▶ [Exercise data]
★ ★ ★ ★ ★

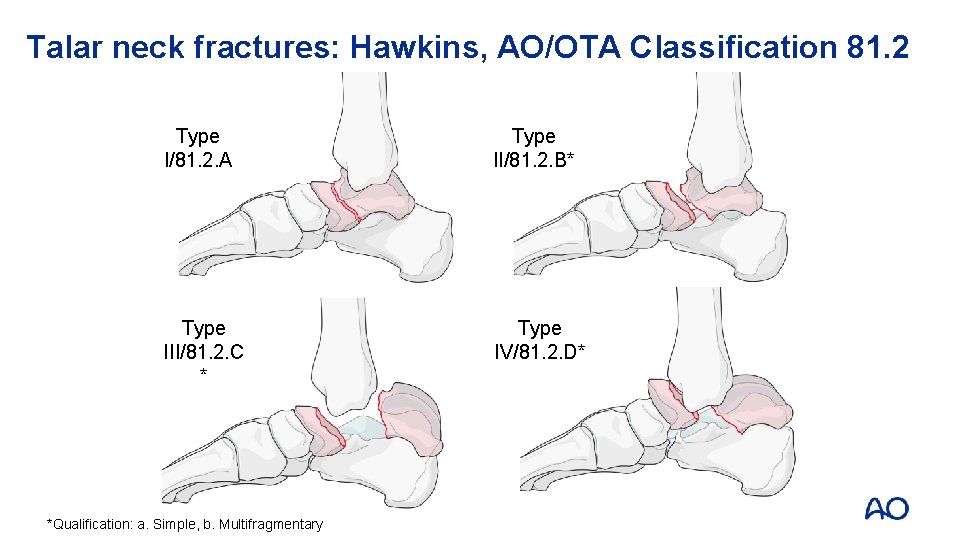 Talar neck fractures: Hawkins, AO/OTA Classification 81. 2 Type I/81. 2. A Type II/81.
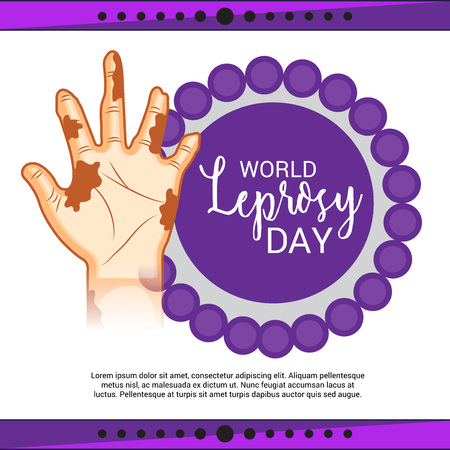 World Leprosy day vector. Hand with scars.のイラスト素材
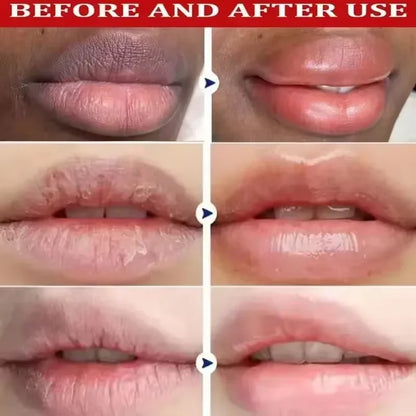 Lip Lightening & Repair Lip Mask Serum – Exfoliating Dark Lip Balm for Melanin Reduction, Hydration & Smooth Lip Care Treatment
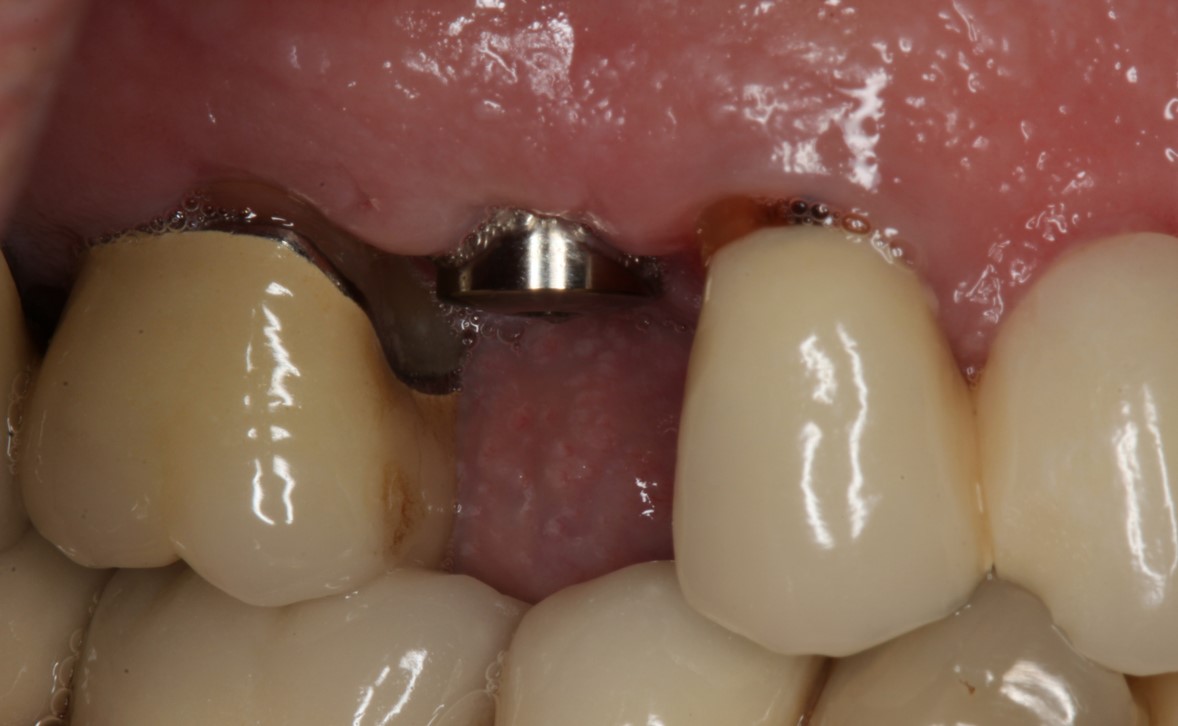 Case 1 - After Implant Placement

★ ★ ★ ★ ★

▶ [Task instructions]
Images should not appear in the copy; retype the listing above exactly.

▶ [Exercise answer]
 Talar neck fractures: Hawkins, AO/OTA Classification 81. 2 Type I/81. 2. A Type II/81.
 World Leprosy day vector. Hand with scars.のイラスト素材
 Lip Lightening & Repair Lip Mask Serum – Exfoliating Dark Lip Balm for Melanin Reduction, Hydration & Smooth Lip Care Treatment
 Case 1 - After Implant Placement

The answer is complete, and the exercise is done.